Organizations around the world have picked up the torch and are doing their part to stem the tide of the heinous problem. As Parry Aftab puts it, every image of child pornography is an image of a crime scene in progress, and, “behind every picture, there’s pain.”

Aftab is president of Cyberangels, the world’s largest Internet safety and help group in operation since 1995, with about 10,000 volunteers in 76 countries. The organization is a “cyber 911,” and finds and files roughly 600 new child porn website reports each week with legal authorities. 

A huge, ongoing battle
While Cyberangels focuses on the Internet, the fight against child pornography is one that’s been raging a long time, and was close to being won as recently as little more than a decade ago.

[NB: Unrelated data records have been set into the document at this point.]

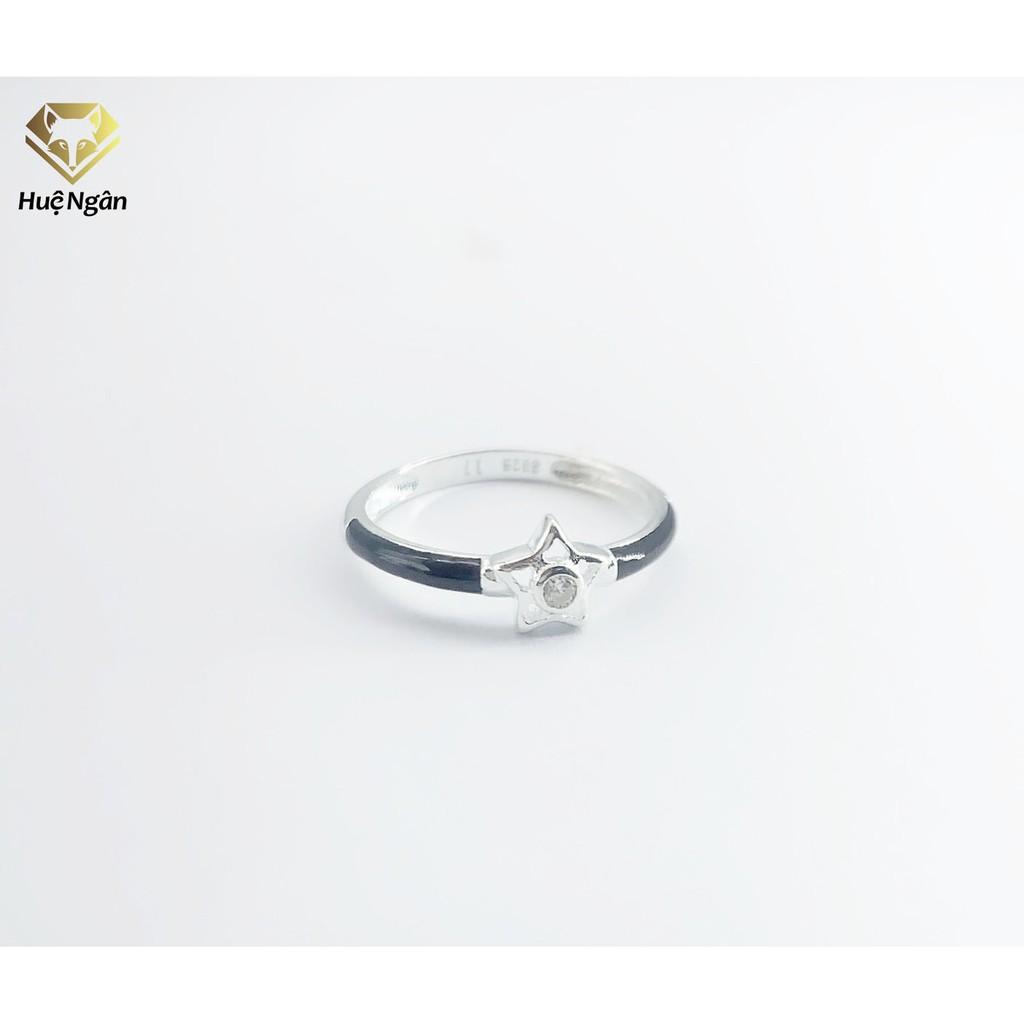 Nhẫn bạc Ý 925 Huệ Ngân -Ngôi Sao May Mắn RR1197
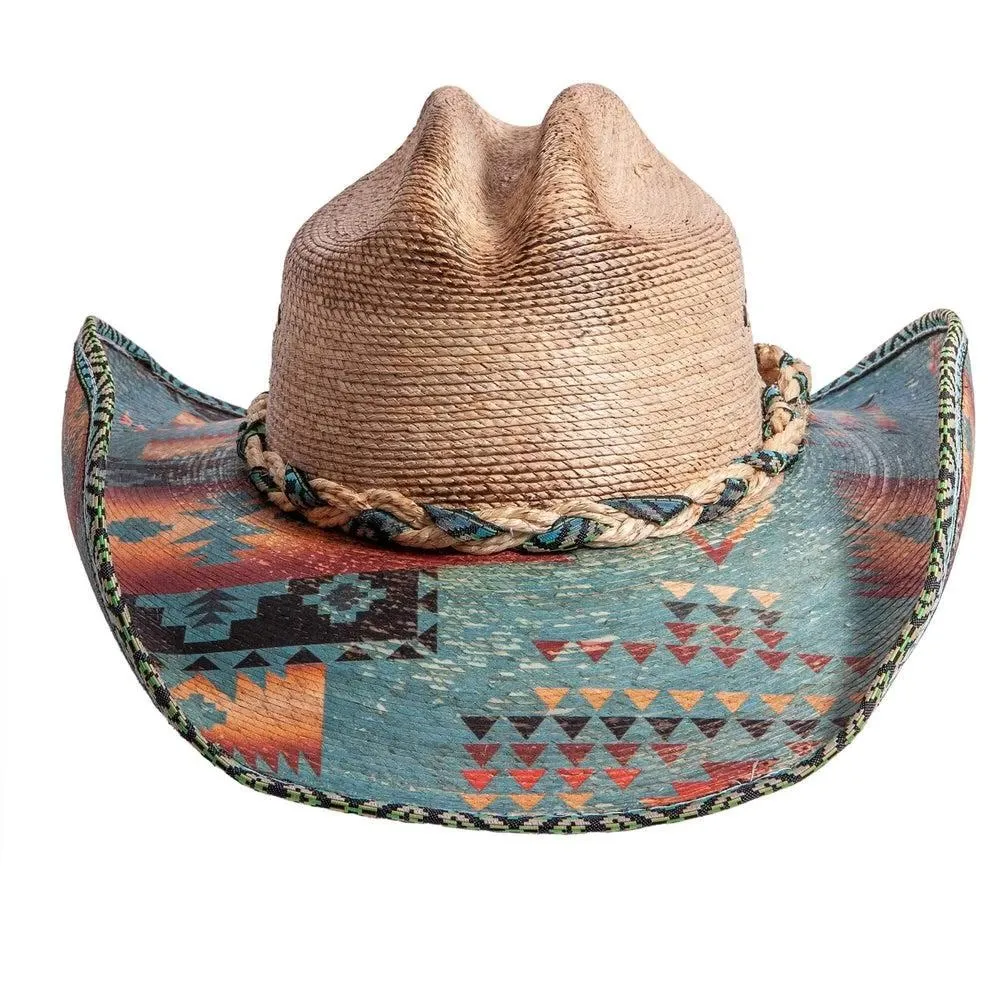 Fashionable Woven Sunshade Men's Cowboy Hat sold by FloralTrip product image thumbnail 3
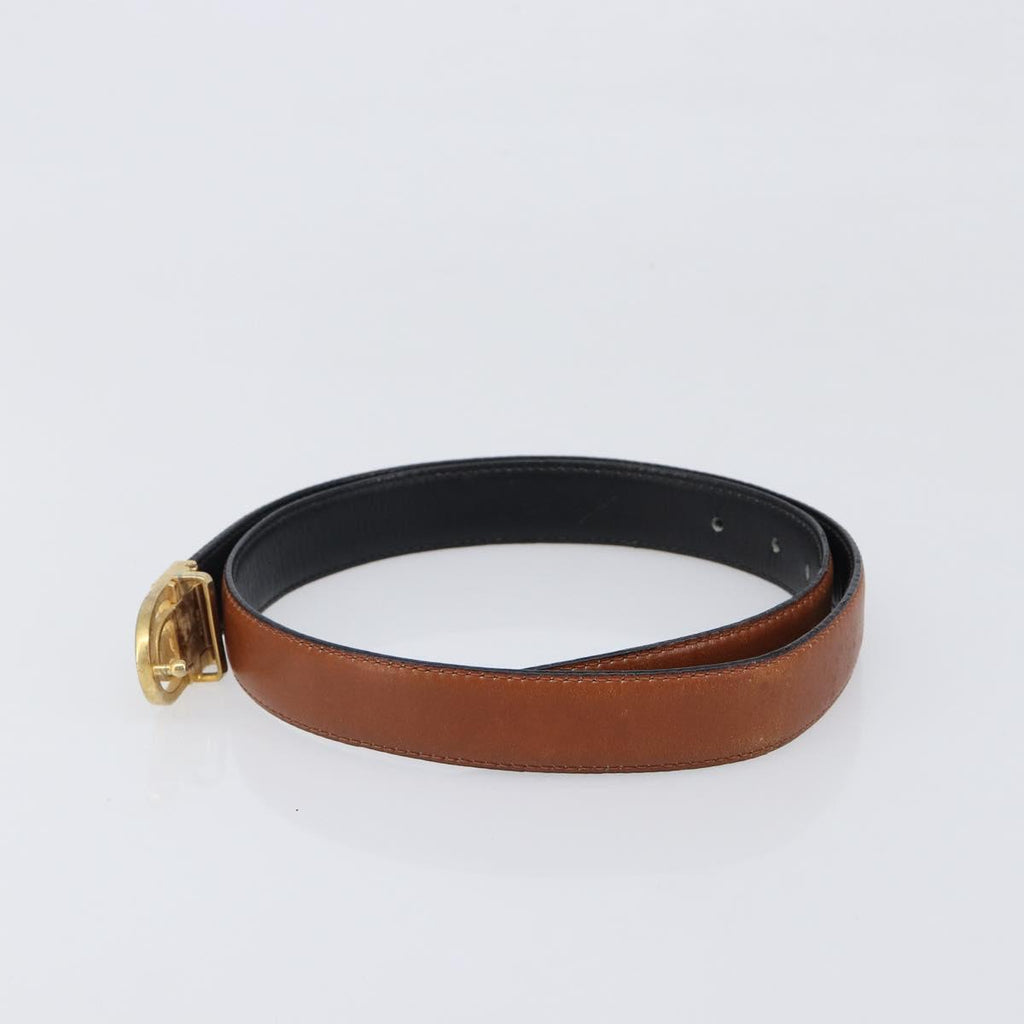 Celine Tan Leather Macadam Belt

Throughout the 1970s and ’80s, child pornography was emerging. By the ’80s, there was an underground of child porn being traded mostly through the U.S. mail. Most of the tracking was being done by big city police and the U.S. Postal Service by scanning advertisements in underground newspapers or magazines, and in open market homosexual publications such as The Advocate

“Those years of the 1980s were where we were trying to change the laws to make it tougher for child pornography,” said Bruce Taylor, an attorney with the National Law Center for Children and Families in Maryland. He said federal and local law enforcement efforts through the 1980s helped remove more than half of the existing collections of child pornography from the U.S. 

“It was a lot more than 50%,” Aftab said. “Law enforcement people have told me they were down to only about 1,000 images that kept recirculating.”

But any advances made in the battle were soon erased by technology and a presidential administration that did nothing about the problem.

“Everything changed around 1995 when the Internet became accessible to the general public,” Taylor said. “Pedophiles started throwing whatever child porn they had for free into the Usenet newsgroups so they could replenish their stockpiles.”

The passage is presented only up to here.